Views on China change
China, for its part, is now being seen as playing a constructive role at the Bali conference after  years of dodging the issue and appearing defensive on global warming.

"I think China is taking climate change seriously and that's a good sign that there will be a good outcome here in Bali," said Artur Runge-Metzger, head of the European Commission delegation at the conference on the Indonesian island.

China has expressed support for a post-Kyoto agreement and used the conference to spread the message that it is doing plenty to address climate change — from boosting it use of renewable energy to 10 percent by 2010 and improving their energy efficiency by 20 percent. It also has launched a massive tree planting program and has rolled out a national climate change policy.

"China is acting. We will do what we should and what we can do," Su said, describing his country's climate policy as ambitious," Su said. "All we care for is the well-being and the future of mankind."

Even hard-to-please environmental groups who relish lambasting industrialized countries for pollution are praising Beijing, although it's clear China has more to do. It relies heavily on dirty, outdated coal burning techniques, has 20 of the world's 30 most polluted cities, and some of the most polluted rivers.

Nations ranked by emissions
China's ranking on Germanwatch's 40th annual index, which ranks 56 industrialized and emerging countries, was an improvement of four places over last year, the group said Friday.

The United States and Saudi Arabia were the worst on the list, at 55th and 56th places, respectively.

Environmental watchdog Germanwatch noted the Chinese government has enacted policies promoting renewable energy, including mandates that solar, wind, hydroelectric and other forms of renewable energy provide 10 percent of the nation's power by 2010. It also has ordered key industries to reduce energy consumption by 20 percent.

Politicians and activists said China's defensive posture of the past has given way to constructive discussions at the Bali conference.
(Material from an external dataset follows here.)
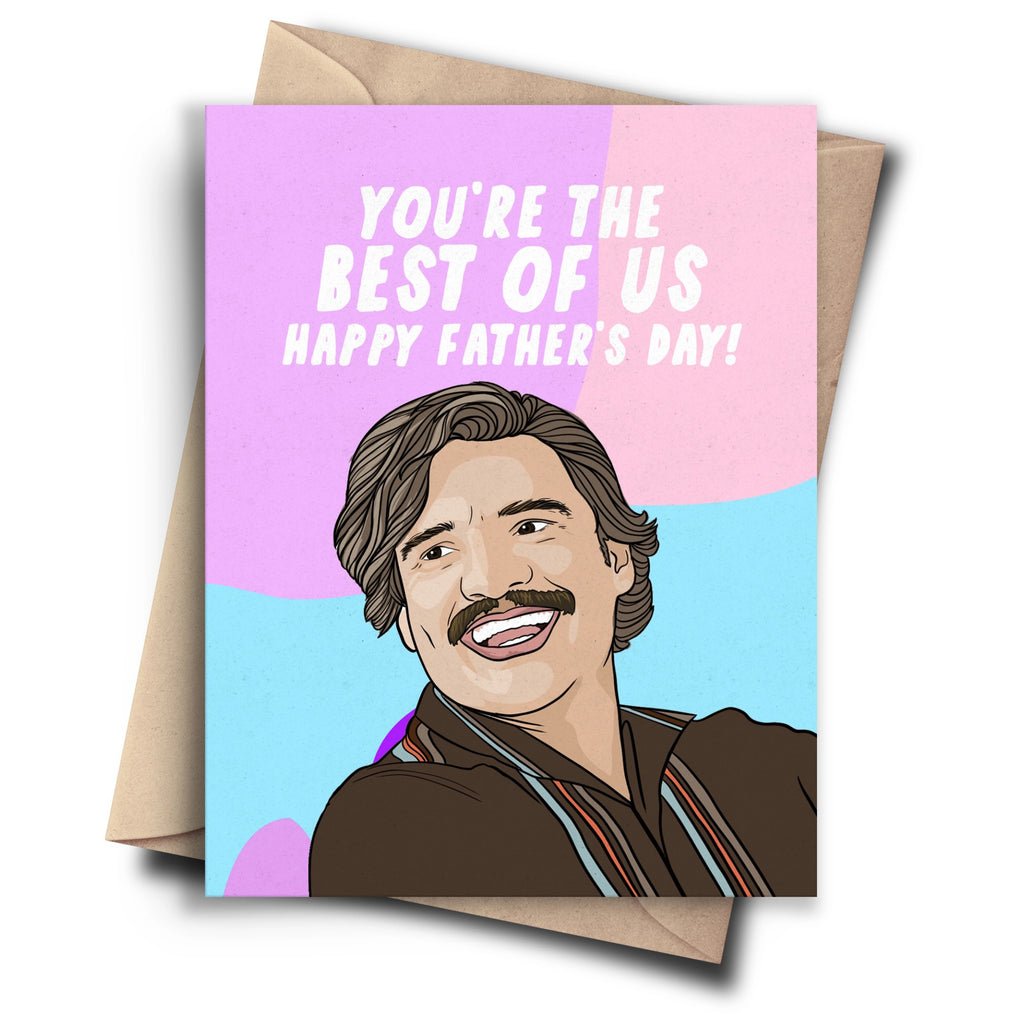 Pedro Pascal Best Of Us Father's Day Card.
Beijing has also taken the lead among developing countries in calling for wealthier nations to speed up the transfer of cleaner technologies to emerging economies to help shift away from fossil fuels.

Hans Verolme, director of WWF International's Global Climate Change Program, attributed China's position to concerns over energy security and a recognition that climate change is already having a severe impact on the country, with worsening drought, water shortages and floods.

"China has made up its mind about a year ago that it was going to get serious," Verolme said. "They want to show to the world it understands and it wants to do what is necessary to stop dangerous climate change."